A goggle around the internet rapidly reveals a massively negative perception about the oil & gas part of the energy industry anyway; most of the plaudits and praise go to cleantech/sustainability.
According to recent research by Deloitte, the current situation in the oil & gas is, in a way, similar to the tobacco industry 30 years ago.
Deloitte observes: “Oil & gas companies have become incredibly successful because they have solved such complex challenges.
“Yet the world is changing at an incredibly rapid rate, with major shifts in all industries.
“If oil & gas companies want to remain successful, it is about time to focus on more types of innovation than product and process innovation and learn how to reinvent themselves.”
Little wonder the negatives outweigh the positives. Consider gas production and the remarkable fact that most of the wells where gas lift is utilised (a practice that hardly existed before 2006) are under-optimised.
This incomplete optimisation coupled with excessive intervention costs and risks, presents an opportunity to reconfigure gas-lift well design and operating principles.

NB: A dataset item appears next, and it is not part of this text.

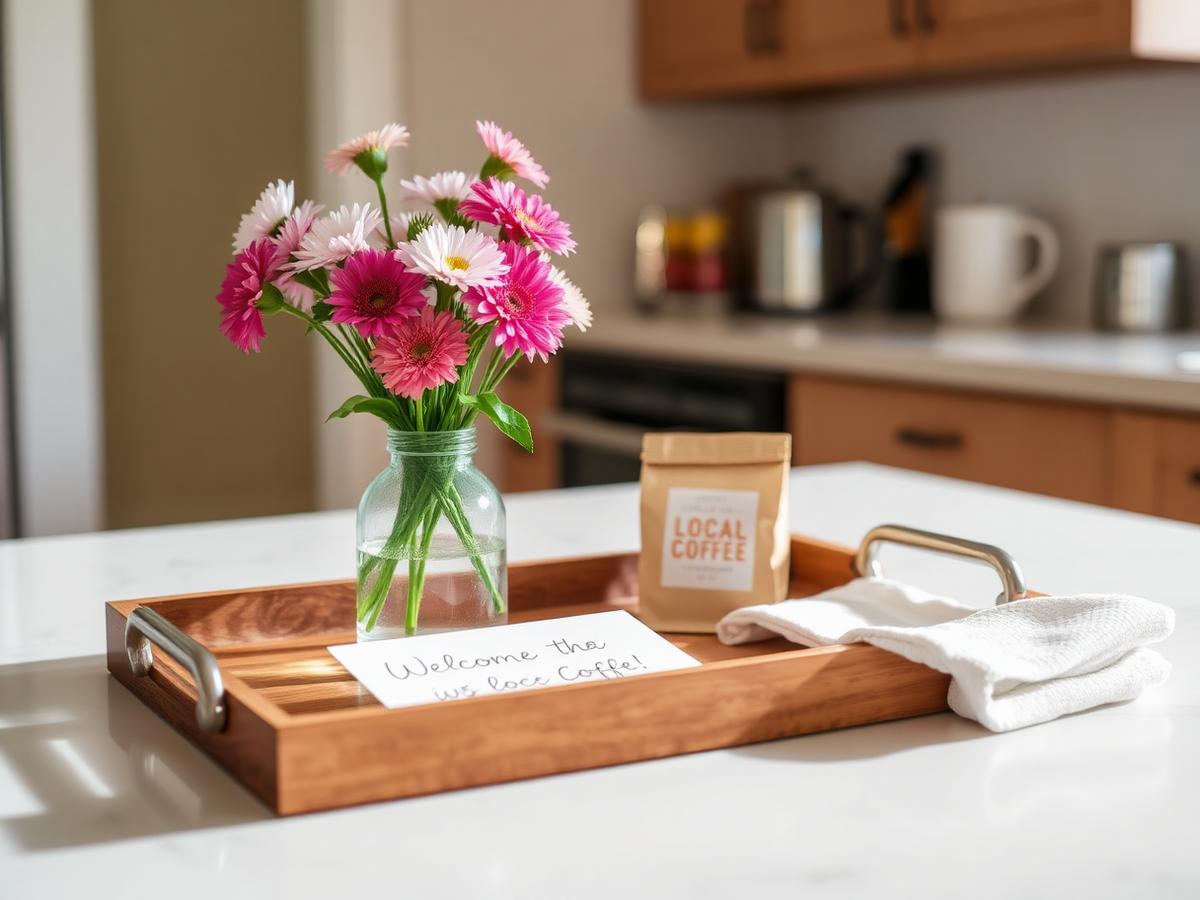 A welcome tray in a vacation rental kitchen with fresh flowers, local coffee, and a handwritten note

It has been estimated that just by addressing this opportunity effectively can deliver a production uplift of nearly 20%. Continuous-flow gas-lift is the only artificial lift method that fully utilises the energy from the produced formation gas (according to Schlumberger way back in 2006).
Of course, remember, this is the industry where the companies writing the cheques prefer to be second, third, fourth, fifth through the new technologies utilisation fence.
It is a master at this. Anything but first. Though there are keenly innovative companies like Equinor that are happy to lead the way in the operator community and stand head and shoulders above their peers in that regard.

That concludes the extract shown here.